By Brian Deakyne
HIGHLANDS – As many SeaStreak commuters do every day, John Esser stood up and walked toward the exit as the ferry approached downtown Manhattan Wednesday morning.
But for Esser and many of his fellow commuters on the 8 a.m. ferry departing from Highlands, horror struck as the SeaStreak vessel crashed into the dock at Pier 11 at 8:45 a.m.
“I went flying, just like everyone else,” said Esser, a Fair Haven resident who travels nearly every workday to New York City. “There was nothing unusual before then. The pilot went too fast – at least that’s what it felt like to me. Clearly, he didn’t slow down.”
Esser was one of the many commuters injured in the crash, although he said he believes there are more than the reported 57 injured as of press time on Wednesday. As a result of the crash, SeaStreak canceled its departures from East 35th Street at 5:55 p.m. and Pier 11 at 6:10 p.m., according to the ferry’s website.
“I think there are more injured people than what they’re saying. There are many people, like myself, that had meetings to go to and couldn’t get checked out,” said Esser, who hurt his knee and shoulder in the crash.
Another commuter, however, didn’t believe the SeaStreak pilot should be faulted. Robert Gunn of Atlantic Highlands, also on the 8 a.m. ferry said, “It didn’t seem like that, there wasn’t anything unusual” as the vessel approached the dock. “I was in the middle of the upper deck and had just left my seat to walk toward the stairs as it hit.”
SeaStreak didn’t make any specific announcement requesting that passengers on the morning ferry remain in their seats, Esser said. But they did so on the return trip, he said, referring to the ferry from Manhattan that arrived at 2:40 p.m. in Highlands.

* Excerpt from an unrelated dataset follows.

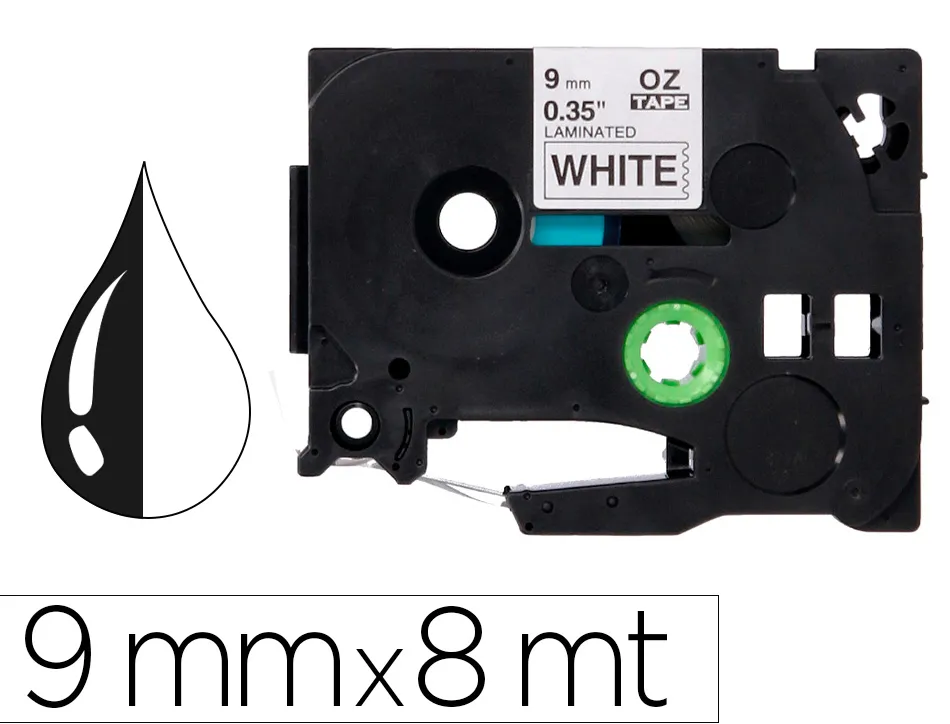 Ruban titreuse q-connect tze-221 blanc-noir 9 mm x 8 mt oze-221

“I’ll still take the ferry, but they need to make announcements,” he said.
Esser, who said he was roughly 10 people away from the point of contact, had one thing on his mind as the ferry hit into the dock: “Hold on tight,” he said, forcing a smile after a long day – a much longer one than he expected.

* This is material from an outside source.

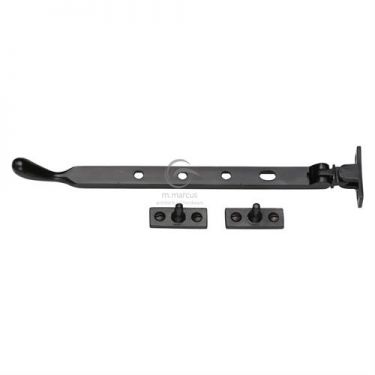 Click Here To Enlarge This Photo Of FB992 12 M&period;Marcus Black Iron Rustic Casement Window Stay 12"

“It’s one of those unfortunate things that happen,” he said. “But we have to find out what happened, and they need to go ahead and correct what went wrong.”
Gunn, who said he’d be “happy to ride the ferry every time I go into the city,” does not travel regularly to Manhattan. “I don’t take it every day because I don’t commute into the city like I used to, but I have no problem taking it again.

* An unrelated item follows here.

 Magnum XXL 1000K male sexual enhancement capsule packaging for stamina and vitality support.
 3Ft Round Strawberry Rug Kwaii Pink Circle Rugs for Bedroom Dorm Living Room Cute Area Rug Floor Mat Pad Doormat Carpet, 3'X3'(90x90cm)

“It’s a little pricey,” he added, “but there’s really no better way to go in. I’ve been taking it for 18 or 19 years, and there has never been a bad experience until today. Things like this happen.”
Gunn said he received a CT scan and was examined and cleared by doctors in New York. “The doctors seemed to think I was fine,” he said.
Jacqueline Wegner, who was dockside in Manhattan preparing to return to Highlands on the 8:45 a.m. ferry after visiting her daughter in New York, witnessed the crash.
“There was a man with his bone popping through his skin. He was calm, but it was worse to look at it, I guess,” she said.
Wegner didn’t arrive back to Highlands until 12:20 p.m.
“I was hoping to get on the first ferry home,” she said. “I was right there under the tape. I took 79 pictures that I have to upload now.”
Despite the incident, Wegner said there was no anxious feeling about SeaStreak in her midday ride.
“It’s the middle of the day, so it’s usually pretty empty,” she said. “Getting on the ferry isn’t eventful, so a lot of people were standing around and waiting when it happened. Everyone that helped out did a great job.”